Old movies and musicals describe huge all-city parades, with floats, a marching band and lots of young children. Yet nothing like that has ever seemed to happen in the small town of Saratoga.
According to Spanish teacher Arnaldo Rodriguex, however, a momentous parade marched through downtown Saratoga in 1984. Back then, each class from Saratoga High built a large float that they paraded down Big Basin Way in celebration of Homecoming.
“The band was there; the cheerleaders and the elementary school kids used to come and sit there to watch the whole thing. It was really nice,” said Rodriguex, who has taught at SHS since the 1970s.

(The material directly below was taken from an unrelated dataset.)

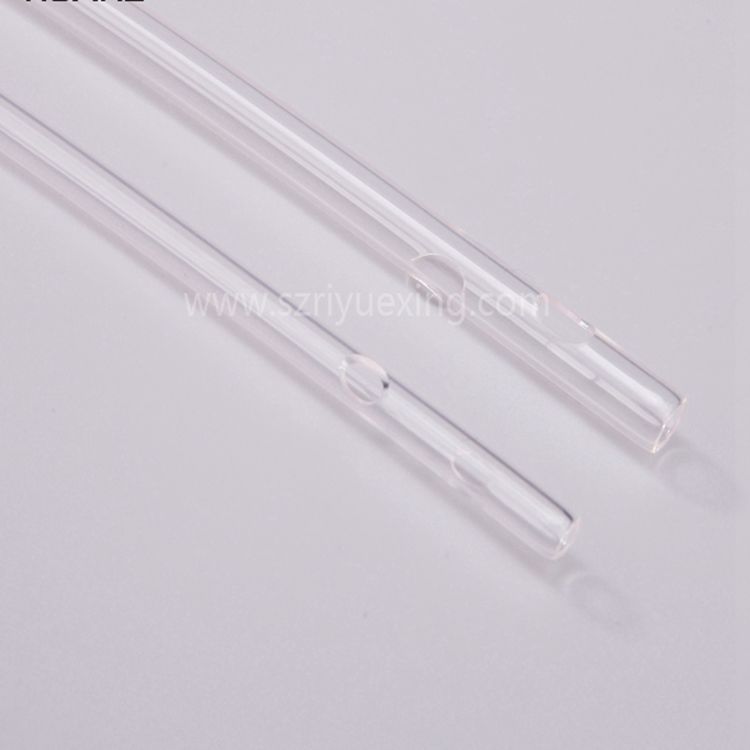 Thumb control 48cm long suction catheter/suction tube PVC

Although assistant principal Karen Hyde agrees the parade was a fun event, she says it was difficult and stressful to organize.
“The parade was a one-time only thing because it was either that or throw myself off a bridge. I would never do that again,” Hyde said.

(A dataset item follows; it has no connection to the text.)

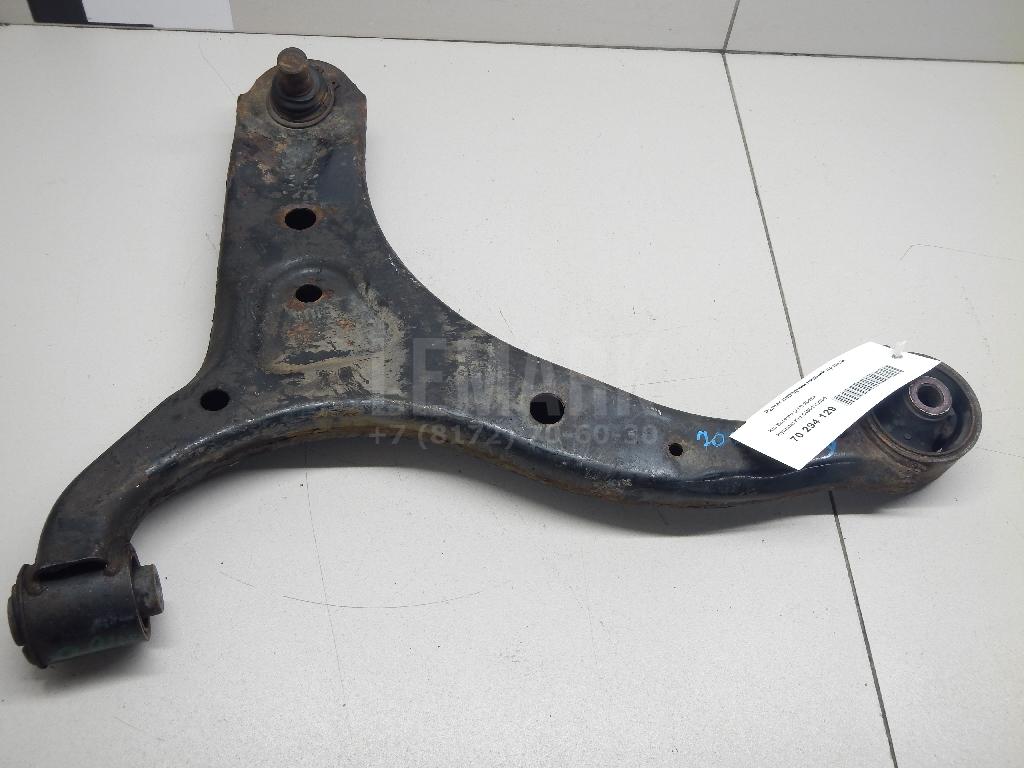 Рычаг передний нижний правый 545011U000 Hyundai-Kia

Since Big Basin Way is also a part of Highway 9, the school needed permission from the state to close it for the parade, making the event overwhelming to organize, Hyde said. The parade also blocked off downtown from both directions, resulting in numerous complaints from the businesses and townspeople.
“People couldn’t get to … their hair appointments, their nail appointments,” Hyde said. “It was inconvenient [for the school] and it inconvenienced the community.”
As a result, the Homecoming festivities were moved to the Los Gatos High School track. (Until 2005 Saratoga High did not have a lighted football field, so football games were played at Los Gatos.) But this arrangement still presented problems.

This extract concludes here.